CV MCQ — Chapter 16 0 Questions
Generative Vision Models

Generative Vision Models MCQ

Autoencoders, GANs, and diffusion models for image generation and reconstruction.

Easy: 0 Q Medium: 0 Q Hard: 0 Q

Autoencoders MCQ

What is an autoencoder?

An autoencoder maps input x to a latent code z via an encoder and reconstructs x̂ with a decoder. Training minimizes reconstruction error (often L2 or L1).

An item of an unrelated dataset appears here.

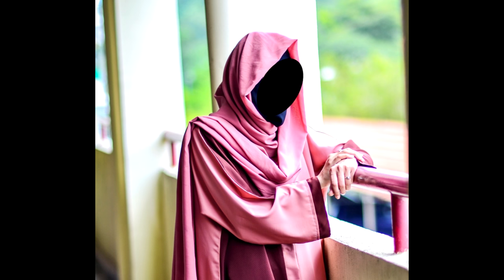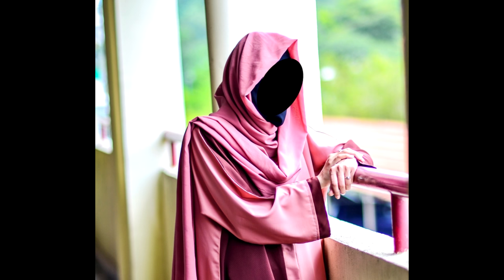So if you want to sew your own abaya from scratch, go ahead and purchase the video tutorial now at the Etsy shop. The link is given down below. Thank you.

A narrow bottleneck forces compression; denoising autoencoders learn robust features by reconstructing clean data from corrupted inputs.

Information bottleneck

The latent must capture salient factors of variation if reconstruction is accurate with few dimensions.

Key ideas

Encoder

CNN or MLP downsampling x → z.

Decoder

Upsampling or transposed conv z → x̂ matching input shape.

Reconstruction loss

Pixel-wise MSE or BCE for images.

Denoising AE

Train on noisy input, target clean output.

Forward pass

x → encoder → z → decoder → x̂; backprop through reconstruction loss

Pro tip: VAEs add a probabilistic latent and KL term; vanilla AEs have deterministic codes.

GANs Introduction MCQ

Generative adversarial networks

GANs train a generator G(z) to fool a discriminator D(x) that classifies real vs fake. The minimax objective leads to Nash equilibrium where samples match the data distribution at optimality (idealized). Practice requires balancing learning rates, architectures, and regularizers; mode collapse remains a classic failure mode.

The two-player game

D maximizes correct classification; G minimizes log(1−D(G(z))) or related objectives so fakes look real.

Key ideas

Generator

Maps noise z to samples in data space.

Discriminator

Scores real data high and fakes low.

Non-saturating G loss

Common reformulation so G gets stronger gradients early.

Mode collapse

G outputs limited variety; detectors see repeated patterns.

Training loop

Sample z → G(z) → update D on real/fake → update G to fool D

Pro tip: WGAN-GP, spectral norm, and progressive growing addressed many stability issues historically.

Diffusion Models MCQ

Diffusion for generation

Diffusion models define a forward Markov process that adds Gaussian noise until data becomes pure noise, then learn a reverse process (neural denoiser) to sample new data. DDPM and score-based formulations connect denoising to learning gradients of log density. Modern text-to-image systems build on these ideas with large U-Nets and conditioning.

Why denoise step-by-step

Iterative refinement from noise allows modeling complex high-dimensional distributions more stably than single-shot generators.

Key ideas

Forward process

q(x_t|x_{t-1}) adds noise per timestep.

Reverse model

pθ(x_{t-1}|x_t) learns to remove noise.

Schedule

β_t controls how much noise per step across T.

Conditioning

Text or class embeddings guide the denoiser (classifier-free guidance).

Sampling

Start from Gaussian noise → T reverse steps with learned denoiser → image

Pro tip: DDIM and consistency models reduce step count for faster sampling.